Jones graduated from Morrisville's Marion C. Early High School in 1971 and left to attend the Massachusetts Institute of Technology. He said he's lived in the Boston area pretty much ever since.
It took more than a decade from Jones' Robot Olympics bid until the Roomba became a reality.
In the early 1990s, Jones got a job at a company called Denning Mobile Robotics and showed a working prototype to leadership there — only to be laid off two weeks later.
Jones then landed at what is now iRobot, which in addition to the Roomba produces mopping and pool cleaning robots. But work on the vacuum cleaner happened in fits and starts throughout the 1990s until iRobot — which had been trying to partner with other companies — agreed to fund development of the Roomba itself.
When the product finally hit the market in 2002, however, it was a clear hit.
"It was amazing," Jones said. "We didn't dare to hope for the kind of success that we had."
People other than Jones, like iRobot co-founder Helen Greiner, are sometimes touted as the inventor of the Roomba. Jones said he considers himself the inventor, but added that iRobot colleague Paul Sandin played a critical role in making the product a reality.
Jones said he created the Roomba as an employee, so he doesn't get any ongoing royalties in conjunction with sales.
The Roomba's public profile exceeds that of the typical vacuum cleaner. "DJ Roomba" was a recurring inanimate character on the television show "Parks and Recreation." A YouTube video of a cat in a shark costume riding a Roomba has been viewed more than 12 million times. And Saturday Night Live parodied the product in 2004.
Jones said he thinks the Roomba's profile is a result of the fact that "people find it engaging," and said iRobot research found that many people actually give their Roomba a name.
"They kind of treat it like a family member," Jones said.
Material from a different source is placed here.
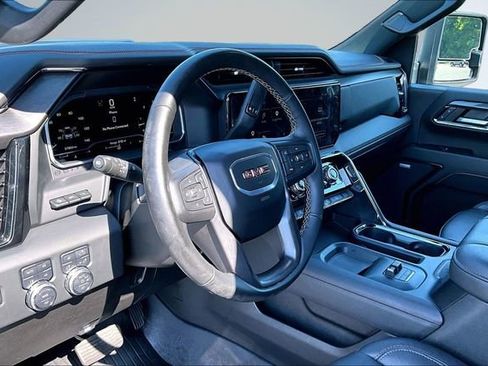 Used 2024 GMC Sierra 3500 AT4 w/ AT4 Premium Plus Package AWD/4WD image 18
Jones said he left iRobot about four years after the Roomba was introduced, when he felt he had less freedom at the company. He co-founded a company called Harvest Automation, which built robots that move potted plants around nurseries. Then, he said, he became one of numerous people in the robotics space trying to create robots that would weed entire fields for farmers — an elusive solution Jones said would help the world produce more food without requiring more resources.
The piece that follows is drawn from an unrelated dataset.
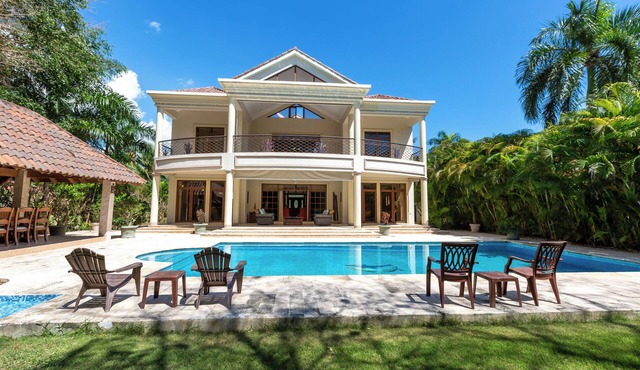 Private Pool| Daily Cleaning| Vintage Villa | 5BR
Jones said he was then approached about shifting his focus to home gardens. He's now chief technology officer at Massachusetts-based Franklin Robotics, the company developing the Tertill.
The name Tertill, pronounced like the animal, is a bit of an homage to robotics history. William Grey Walter, an early robotics pioneer, referred to some of his robots as tortoises because that's what they resembled.
The Tertill uses a string trimmer to chop weeds and has wheels designed to damage weeds that are about to sprout. Franklin Robotics says it would be difficult to keep a robot that pulled weeds from the roots affordable.
The Tertill distinguishes weeds from plants by height. As such, gardeners are asked to put collars around seedlings, so the robot avoids them. That's the key difference between a weeding robot for home and farm use, Jones said — a farmer can't be expected to put a collar around every plant across numerous acres.
For the Tertill to work well, gardeners also need to ensure there is enough space between plants for the robot to move and that there's a border around the space that needs to be weeded, so that the Tertill doesn't leave the area, Jones said.
Jones said the Tertill is designed to stay outside for an entire growing season, automatically alternating between charging motionless in the sun and roaming the garden looking for weeds.
Franklin Robotics' Kickstarter campaign is scheduled to go online around June 13. Jones said the company is looking to raise "around or over $100,000," but the exact amount hasn't been finalized.
Provided the campaign is successful, the goal will be to have the first Tertills delivered for the 2018 growing season, Jones said.